You’ve experienced it before. The acting is broad and exaggerated. The situations are absurd, and keep getting more and more ridiculous. There’s a comedian in the lead role, so you look at the back of the DVD case to see whether the movie’s supposed to be filed under comedy. You start looking for things that are supposed to be jokes or gags, but they’re not there.
You’ve entered the world of the uncanny comedy. While some dark satires — Brazil, Southland Tales, anything authored by Bret Easton Ellis — may deliberately use the devices of an uncanny comedy for unsettling effect, and to lampoon social constructs and vices, other films fall into this universe unintentionally. Films like Gung Ho. Hudson Hawk. An Alan Smithee Film: Burn Hollywood Burn. And, perhaps, Tropic Thunder.
Even before its release, Tropic Thunder’s trailer has triggered a number of the annoyed or disturbed reactions people typically have to uncanny comedies. Confused brows have risen as crowds witnessed the curious, “is-this-offensive-or-not?” sight of Robert Downey Jr. playing an actor playing his role in blackface. A promotional website for a film-within-the-film, Simple Jack, in which Ben Stiller plays an actor playing a mentally disabled man, was pulled when disability-rights groups caught wind. Tabloids have been crushed under the legal muscle of Tom Cruise after they published less than flattering photos of him in a fat-suit and bald-wig preparing for his (uncredited) role in the film.
Fat suits, making light of the mentally handicapped, blackface. Can this actually end up being funny?

The issue vexing prognosticators is this: the film is supposed to be a film within the film, which has additional films within the film of actors who are playing different roles in each of the different films causing a sort of meta-trainwreck of intent.
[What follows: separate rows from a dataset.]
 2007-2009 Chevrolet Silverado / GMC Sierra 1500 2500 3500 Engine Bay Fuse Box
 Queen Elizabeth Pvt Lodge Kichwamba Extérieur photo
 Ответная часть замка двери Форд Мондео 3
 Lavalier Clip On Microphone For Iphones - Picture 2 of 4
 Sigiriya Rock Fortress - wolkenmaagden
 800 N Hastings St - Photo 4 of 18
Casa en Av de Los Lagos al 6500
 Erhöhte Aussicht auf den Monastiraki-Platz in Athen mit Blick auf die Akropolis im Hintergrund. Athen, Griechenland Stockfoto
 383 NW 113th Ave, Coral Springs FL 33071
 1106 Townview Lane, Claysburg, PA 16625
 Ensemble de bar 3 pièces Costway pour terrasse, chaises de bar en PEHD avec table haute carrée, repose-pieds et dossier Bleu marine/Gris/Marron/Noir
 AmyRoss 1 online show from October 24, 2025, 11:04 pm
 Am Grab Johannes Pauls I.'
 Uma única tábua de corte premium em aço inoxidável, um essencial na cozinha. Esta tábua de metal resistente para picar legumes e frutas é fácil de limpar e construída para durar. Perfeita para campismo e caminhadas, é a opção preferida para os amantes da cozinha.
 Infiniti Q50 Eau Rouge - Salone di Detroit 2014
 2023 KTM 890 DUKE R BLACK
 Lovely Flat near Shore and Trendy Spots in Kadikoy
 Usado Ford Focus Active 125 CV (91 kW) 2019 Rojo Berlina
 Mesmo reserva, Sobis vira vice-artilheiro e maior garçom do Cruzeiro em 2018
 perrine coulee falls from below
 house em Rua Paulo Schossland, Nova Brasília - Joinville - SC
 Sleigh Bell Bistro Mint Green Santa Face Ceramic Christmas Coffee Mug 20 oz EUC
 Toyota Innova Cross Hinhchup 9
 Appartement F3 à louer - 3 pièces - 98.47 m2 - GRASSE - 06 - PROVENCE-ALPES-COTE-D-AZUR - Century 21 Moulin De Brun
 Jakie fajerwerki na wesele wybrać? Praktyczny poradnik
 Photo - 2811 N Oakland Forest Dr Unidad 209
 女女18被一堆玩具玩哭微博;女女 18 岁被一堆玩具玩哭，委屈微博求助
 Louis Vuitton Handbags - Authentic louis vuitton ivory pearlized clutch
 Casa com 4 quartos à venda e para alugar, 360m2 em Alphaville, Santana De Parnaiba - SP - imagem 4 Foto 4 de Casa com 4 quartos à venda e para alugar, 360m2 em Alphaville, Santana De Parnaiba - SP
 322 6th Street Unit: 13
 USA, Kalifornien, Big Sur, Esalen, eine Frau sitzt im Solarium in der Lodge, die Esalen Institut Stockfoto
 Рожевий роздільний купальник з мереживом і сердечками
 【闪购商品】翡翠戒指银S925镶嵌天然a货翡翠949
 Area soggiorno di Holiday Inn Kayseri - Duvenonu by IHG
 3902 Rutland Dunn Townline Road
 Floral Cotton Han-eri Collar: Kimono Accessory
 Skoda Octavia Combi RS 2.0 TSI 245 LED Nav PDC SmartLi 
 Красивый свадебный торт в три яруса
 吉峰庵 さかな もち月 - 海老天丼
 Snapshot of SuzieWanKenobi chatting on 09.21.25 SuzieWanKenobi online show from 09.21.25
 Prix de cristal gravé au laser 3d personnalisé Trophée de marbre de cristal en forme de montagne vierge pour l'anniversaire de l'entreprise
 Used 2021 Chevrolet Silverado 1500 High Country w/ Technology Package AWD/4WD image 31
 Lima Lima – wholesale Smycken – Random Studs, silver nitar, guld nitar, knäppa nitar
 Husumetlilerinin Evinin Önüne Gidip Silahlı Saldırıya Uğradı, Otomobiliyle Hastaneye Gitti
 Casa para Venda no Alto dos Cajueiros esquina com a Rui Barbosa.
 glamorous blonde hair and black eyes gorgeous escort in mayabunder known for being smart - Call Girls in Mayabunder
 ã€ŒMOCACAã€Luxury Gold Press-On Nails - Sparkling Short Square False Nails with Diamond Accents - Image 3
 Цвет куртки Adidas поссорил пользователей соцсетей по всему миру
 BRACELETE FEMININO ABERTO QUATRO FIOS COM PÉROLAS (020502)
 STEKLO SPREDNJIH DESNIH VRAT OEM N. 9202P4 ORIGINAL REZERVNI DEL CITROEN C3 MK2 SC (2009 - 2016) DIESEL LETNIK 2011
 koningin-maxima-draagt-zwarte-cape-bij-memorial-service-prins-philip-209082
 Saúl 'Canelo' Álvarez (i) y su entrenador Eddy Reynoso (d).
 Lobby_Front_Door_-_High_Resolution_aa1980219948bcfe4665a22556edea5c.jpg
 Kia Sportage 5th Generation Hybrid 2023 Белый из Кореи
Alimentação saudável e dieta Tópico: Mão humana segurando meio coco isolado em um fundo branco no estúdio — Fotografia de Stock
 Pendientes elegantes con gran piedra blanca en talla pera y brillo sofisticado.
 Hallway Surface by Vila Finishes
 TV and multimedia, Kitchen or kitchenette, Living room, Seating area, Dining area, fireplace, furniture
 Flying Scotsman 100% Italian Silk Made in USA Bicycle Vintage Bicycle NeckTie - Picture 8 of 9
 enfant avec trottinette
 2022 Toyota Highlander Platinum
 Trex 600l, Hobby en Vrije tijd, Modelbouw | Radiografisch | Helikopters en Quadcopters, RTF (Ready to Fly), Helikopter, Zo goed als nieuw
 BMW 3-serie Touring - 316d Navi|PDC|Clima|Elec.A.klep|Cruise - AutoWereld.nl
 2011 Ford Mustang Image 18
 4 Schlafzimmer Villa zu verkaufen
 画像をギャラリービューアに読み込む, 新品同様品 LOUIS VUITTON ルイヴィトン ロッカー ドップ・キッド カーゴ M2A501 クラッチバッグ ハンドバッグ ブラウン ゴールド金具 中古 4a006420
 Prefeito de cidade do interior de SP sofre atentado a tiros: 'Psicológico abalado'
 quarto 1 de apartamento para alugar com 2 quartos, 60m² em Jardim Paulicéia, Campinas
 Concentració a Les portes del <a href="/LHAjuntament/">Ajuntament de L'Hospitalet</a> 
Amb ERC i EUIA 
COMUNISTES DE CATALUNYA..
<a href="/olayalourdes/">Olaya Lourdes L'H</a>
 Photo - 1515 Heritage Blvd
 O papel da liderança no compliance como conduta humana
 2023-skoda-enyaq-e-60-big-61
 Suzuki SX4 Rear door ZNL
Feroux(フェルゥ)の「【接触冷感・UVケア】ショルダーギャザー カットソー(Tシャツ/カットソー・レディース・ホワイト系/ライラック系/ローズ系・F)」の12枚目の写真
Stiller says, of the controversy around Simple Jack, that he’s lampooning a worthy target — pompous actors (say, Sean Penn in the likes of I Am Sam or Anthony Hopkins in The Human Stain). Are Stiller, Black and Downey deft, hilarious actors in a good movie playing out-of-control, unfunny actors making bad decisions in a bad movie, or will the movie itself be out of control and unfunny?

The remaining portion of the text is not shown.